Midnight Sun Delayed – In Shops Dec. 28

Whether by the machinations of Diamond Comic Distributors , the printer (Lebonfon), or –most likely–some combination of the two, it looks like Midnight Sun will be in comic shops not this Wednesday, but the following Friday, the 28th.

It’s a Gocco Christmas

With each passing year, I seem to pick up at least one additional freelance project doing Christmas/holiday cards… which unfortunately means that I wind up with less and less time to put together cards for us to send. It’s like they say, I suppose: The cobbler’s kids go shoeless (or whatever that expression is). At any rate, I finally–with barely a week until Christmas–got an afternoon to put something together, and though I was glad to have the cards done, the whole process was tinged with sadness. Why? Because I wound up using my very very last Gocco screen and bulbs.

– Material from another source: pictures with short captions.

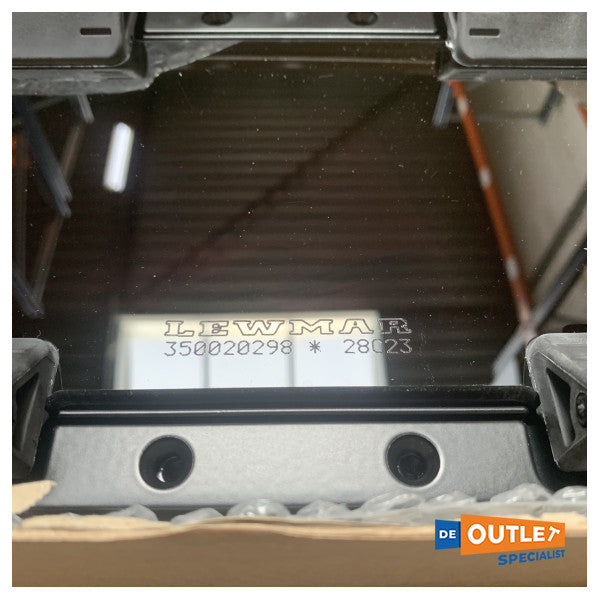 فتحة فتحة فتحات لومار ميرتي مقاس 0 أسود 366 × 190 مم - 393029802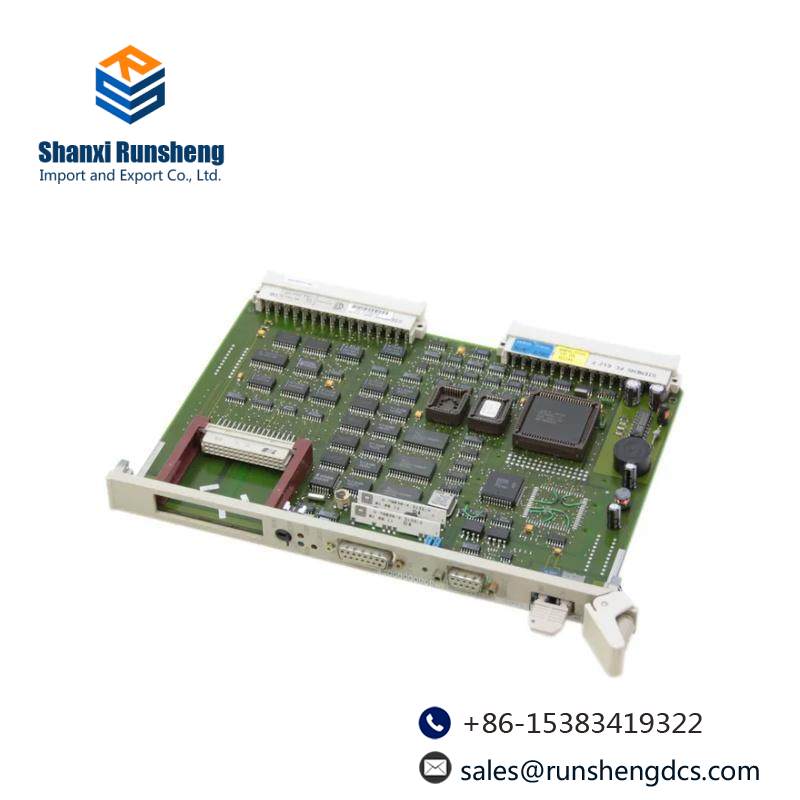 SIEMENS 6GK1543-0AA01 Communications Card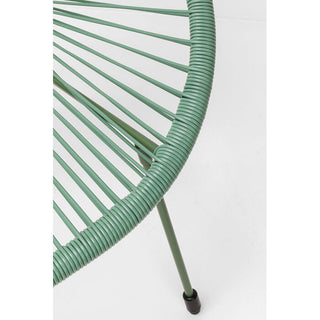 Bench Acapulco Mono Green KARE MIAMI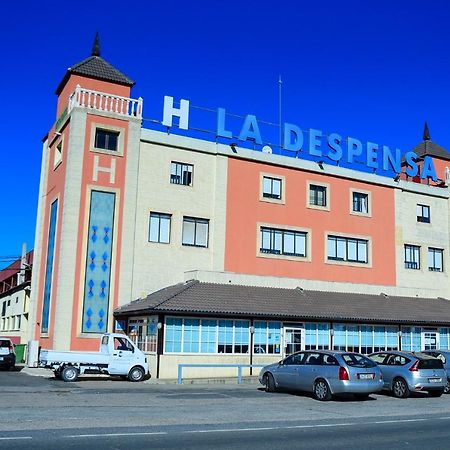 Hostal La Despensa De Extremadura Plasencia Ngoại thất bức ảnh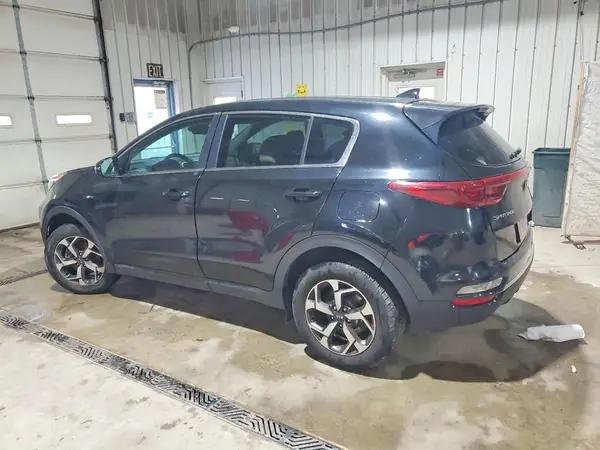 KNDPMCAC8M7890788 2021 KIA SPORTAGE - Image 2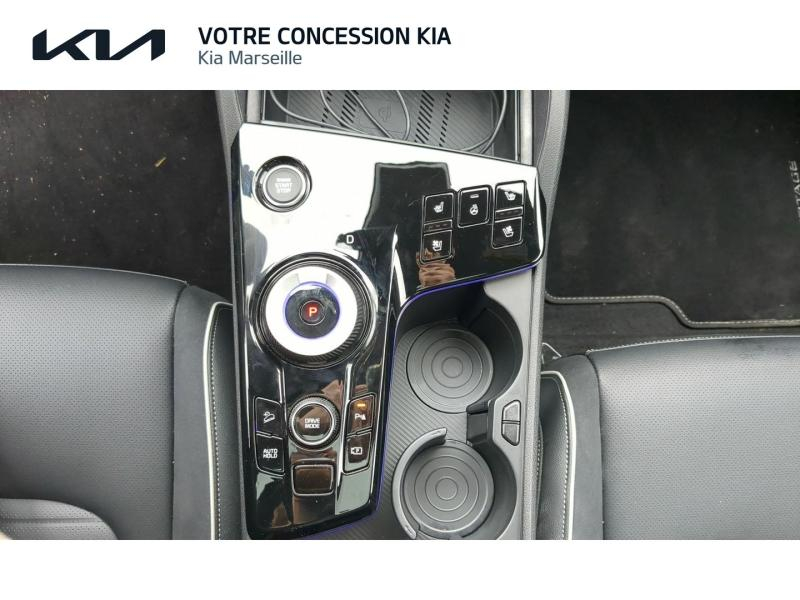 Photo 12 de l’annonce de KIA Sportage d’occasion à vendre à MARSEILLE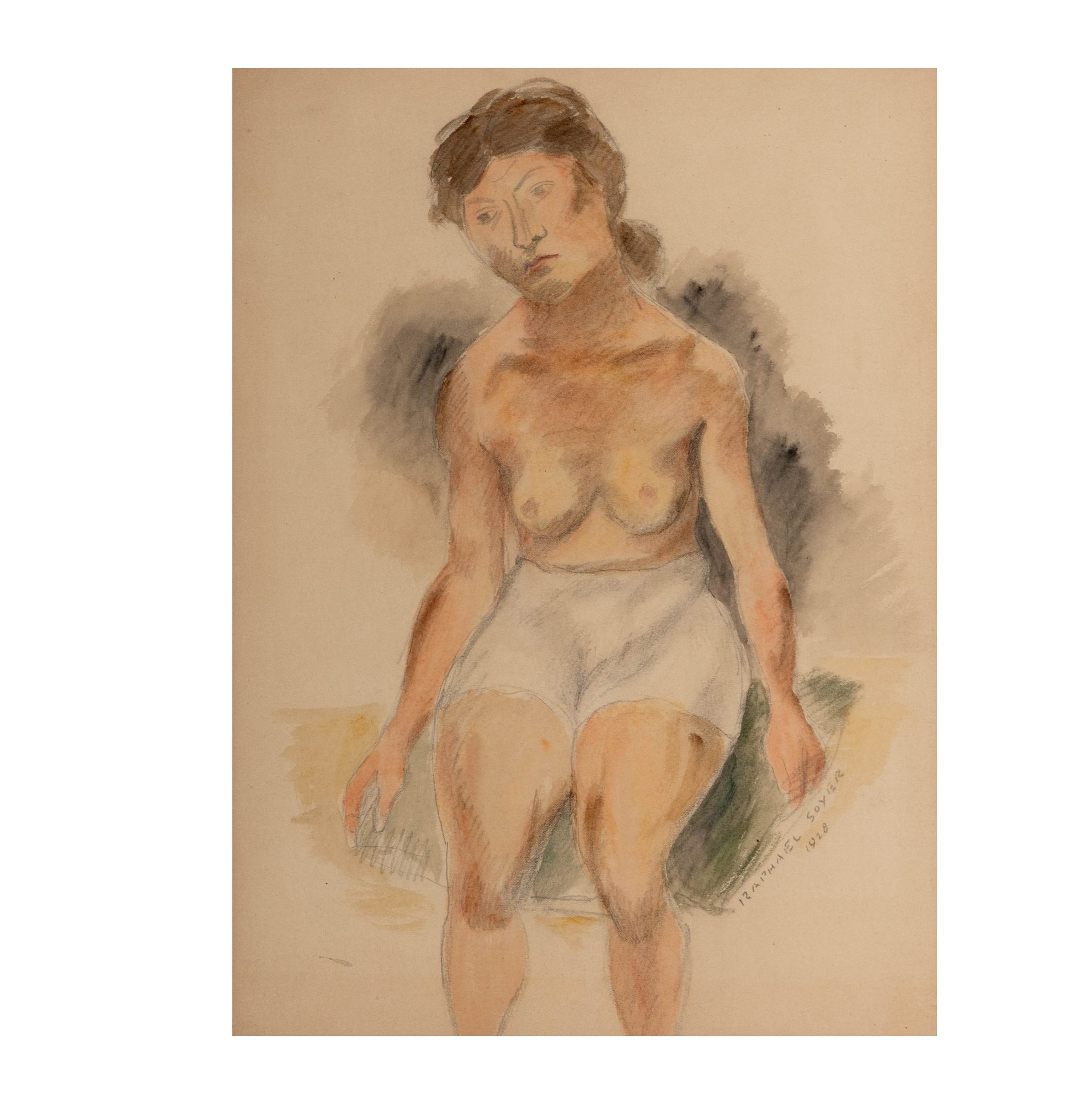 Female Nude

If you don’t know what a Gocco is, in short it’s an incredibly cool, self-contained, no-chemical using, silkscreening machine that uses 70s-style flash bulbs to burn its screens. It’s manufactured by a Japanese company that announced in 2005 that it would cease producing them because of low sales in Japan. That, though, was just about the time a full-fledged Gocco “cult” was going in the U.S., with tons of crafty and/or D.I.Y. types really embracing the machine.  There was even a campaign mounted (I’d link to their site,  savegocco.com, but it appears to be out of whack) to try to find a domestic manufacturer that would buy the rights to continue making the machine.

When last I looked, it was getting hard to find new screens, bulbs and inks, and the online art supply giant, dickblick.com had dropped Gocco stuff entirely. Much to my delight, though, it looks like supplies have surfaced from parts unknown, with a number of retailers stocking them. Long live the Gocco!